Why? Adding insult to injury for the defeat on those two first Tuesday votes, the Democratic Ulster Unionists MPs from Northern Ireland, on which May relies for her Conservative government to rule, turned tails on the Tories and voted with the opposition.

That’s a clear warning to May their days are numbered — but then again so too are May’s. Consider that in the third losing vote of Tuesday — before the five days of parliamentary debate on the Brexit agreement even began — May’s government lost on an amendment that would require MPs to have a meaningful final say should the Commons reject the Brexit deal, and it lost even with those DUP MPs supporting the Tories.

In other words, this third vote is a clear indication that even with the DUP MPs by her side — they won’t be, as they already said they intend to vote against the Brexit deal because of that backstop — May simply hasn’t got the numbers.

The reality is that come the evening of December 11, May’s grand Brexit strategy will go up in smoke, and bonfires are already lighting and there’s no shortage of MPs willing to put a match to the paper it’s written on.

Then what?

Right now, it’s hard to say — but there are opportunities opening.

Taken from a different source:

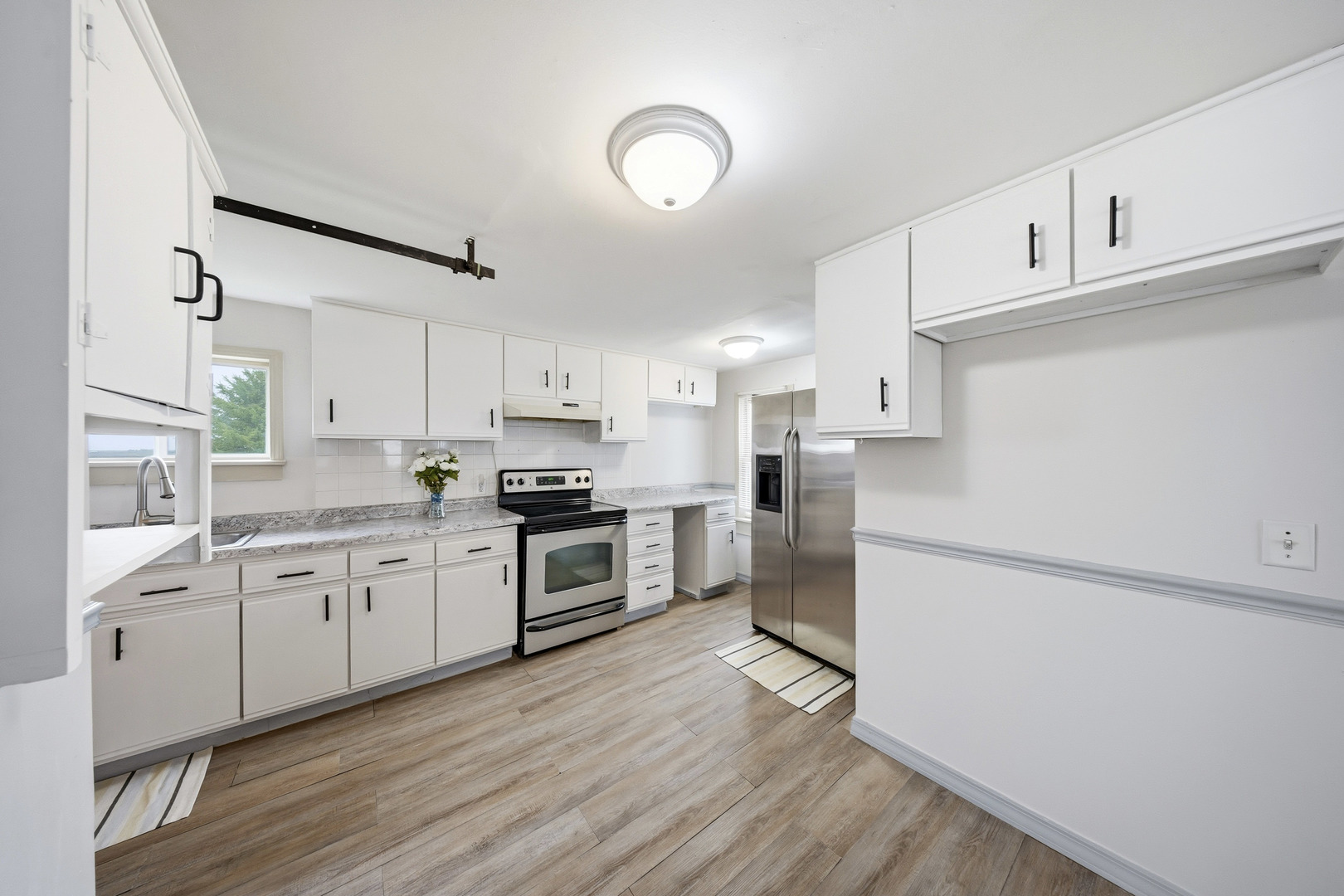 901 Hermann Road Lee, IL 60530 - Photo 22 of 42 a kitchen with granite countertop a refrigerator stove top oven and sink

On Tuesday morning, before all the parliamentary manoeuvring and shenanigans were underfoot at Westminster, at the European Court of Justice in Strasburg, Campos Sanchez-Bordona offered words of encouragement that have suddenly taken on a new significance at this eleventh hour in this whole Brexit debacle. Sanchez-Bordon is the court’s Advocate General and offered that he believed Article 50 of the Lisbon Treaty — the clause that allows for nations to leave the EU and activated by the British government to take effect on March 29 — could be revoked by the London government alone without having to seek approval from all other 27 members of the EU. In other words, it’s like as if Santa Claus came early for every Remainer across the disunited kingdom, offering hope that Brexit might be reversed.

Suddenly, there’s a glimmer of hope that indeed sanity might somehow prevail, and there’s a chance that if the Brits changed their minds, said they were really, really, really sorry, and withdrew the notice period under Article 50, things might carry on as if the Brexit debate and debacle was just one big long nightmare.

Yeah, right! As if that’s going to happen. There are European Parliament elections set for the last week in May — and the last thing the EU, the European Commission or many of the EU nations that are staring down their own populist anti-Brussels movements will do is have the Brexit mess unsettled.

In a day of such political excitement at Westminster, there was one brief footnote that likely went missing: Nigel Farage, the founder of the United Kingdom Independence Party that pushed and pushed for Brexit for so long, has quit the party. Why? He doesn’t like the anti-Islamophobic policies it is adopting. It’s too late. Like with Brexit, that genie is long out of the bottle.